■ What you should do
The answer must be an exact copy of the lines from the one holding "Calça Feminina Estampada" through the final line of the entries, and nothing else.

(Extracted data entries)

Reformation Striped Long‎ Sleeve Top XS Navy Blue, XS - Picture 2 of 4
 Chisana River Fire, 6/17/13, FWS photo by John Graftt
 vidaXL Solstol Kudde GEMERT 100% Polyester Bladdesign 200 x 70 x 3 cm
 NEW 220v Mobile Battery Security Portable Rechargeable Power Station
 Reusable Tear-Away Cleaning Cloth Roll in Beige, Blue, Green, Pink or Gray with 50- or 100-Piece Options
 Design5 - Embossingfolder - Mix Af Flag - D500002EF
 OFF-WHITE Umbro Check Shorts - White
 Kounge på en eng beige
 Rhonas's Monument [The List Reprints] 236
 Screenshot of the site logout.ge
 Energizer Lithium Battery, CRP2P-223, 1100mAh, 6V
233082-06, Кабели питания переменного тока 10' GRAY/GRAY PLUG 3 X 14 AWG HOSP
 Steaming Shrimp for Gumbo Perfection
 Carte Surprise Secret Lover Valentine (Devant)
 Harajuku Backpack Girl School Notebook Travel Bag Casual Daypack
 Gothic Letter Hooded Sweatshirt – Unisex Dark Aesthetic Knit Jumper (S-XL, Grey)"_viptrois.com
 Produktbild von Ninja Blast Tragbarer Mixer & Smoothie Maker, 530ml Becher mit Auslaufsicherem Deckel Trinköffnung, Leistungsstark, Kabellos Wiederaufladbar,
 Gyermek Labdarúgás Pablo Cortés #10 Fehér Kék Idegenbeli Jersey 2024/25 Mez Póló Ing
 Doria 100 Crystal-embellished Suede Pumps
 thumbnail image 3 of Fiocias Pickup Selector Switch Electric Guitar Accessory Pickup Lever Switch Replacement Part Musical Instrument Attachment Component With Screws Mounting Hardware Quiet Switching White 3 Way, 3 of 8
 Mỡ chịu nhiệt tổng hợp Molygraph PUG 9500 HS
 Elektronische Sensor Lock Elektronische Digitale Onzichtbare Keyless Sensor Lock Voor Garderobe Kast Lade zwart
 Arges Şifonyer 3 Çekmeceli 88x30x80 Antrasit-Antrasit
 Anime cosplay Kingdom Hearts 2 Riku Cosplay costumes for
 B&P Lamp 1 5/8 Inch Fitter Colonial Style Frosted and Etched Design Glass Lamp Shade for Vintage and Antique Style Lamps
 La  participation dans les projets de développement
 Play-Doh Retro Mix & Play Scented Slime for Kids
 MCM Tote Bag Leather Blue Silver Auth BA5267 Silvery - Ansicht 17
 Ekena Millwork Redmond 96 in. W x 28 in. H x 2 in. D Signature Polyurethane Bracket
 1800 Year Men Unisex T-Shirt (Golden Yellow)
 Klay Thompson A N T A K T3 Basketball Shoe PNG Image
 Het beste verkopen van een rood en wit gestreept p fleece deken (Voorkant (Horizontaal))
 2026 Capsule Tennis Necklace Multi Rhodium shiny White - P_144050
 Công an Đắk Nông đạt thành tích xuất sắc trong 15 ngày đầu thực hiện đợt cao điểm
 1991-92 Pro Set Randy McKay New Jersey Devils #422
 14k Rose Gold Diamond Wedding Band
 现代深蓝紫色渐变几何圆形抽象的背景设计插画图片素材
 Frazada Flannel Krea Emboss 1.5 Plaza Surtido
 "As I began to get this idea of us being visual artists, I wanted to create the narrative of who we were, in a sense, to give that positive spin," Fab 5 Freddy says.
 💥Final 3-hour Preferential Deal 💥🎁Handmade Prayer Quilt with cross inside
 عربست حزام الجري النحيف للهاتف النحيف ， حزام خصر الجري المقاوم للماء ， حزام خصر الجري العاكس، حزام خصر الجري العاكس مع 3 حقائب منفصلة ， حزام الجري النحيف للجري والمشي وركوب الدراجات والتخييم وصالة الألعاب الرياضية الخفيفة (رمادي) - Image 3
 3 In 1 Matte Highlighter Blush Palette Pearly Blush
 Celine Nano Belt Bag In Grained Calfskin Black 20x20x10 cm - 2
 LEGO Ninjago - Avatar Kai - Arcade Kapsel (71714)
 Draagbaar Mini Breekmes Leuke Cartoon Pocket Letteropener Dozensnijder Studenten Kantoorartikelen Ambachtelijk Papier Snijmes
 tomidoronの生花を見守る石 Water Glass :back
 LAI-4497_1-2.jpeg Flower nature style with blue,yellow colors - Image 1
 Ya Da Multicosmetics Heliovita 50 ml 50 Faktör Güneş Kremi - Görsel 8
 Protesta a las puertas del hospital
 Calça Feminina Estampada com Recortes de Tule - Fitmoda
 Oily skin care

■ Finished exercise
 Calça Feminina Estampada com Recortes de Tule - Fitmoda
 Oily skin care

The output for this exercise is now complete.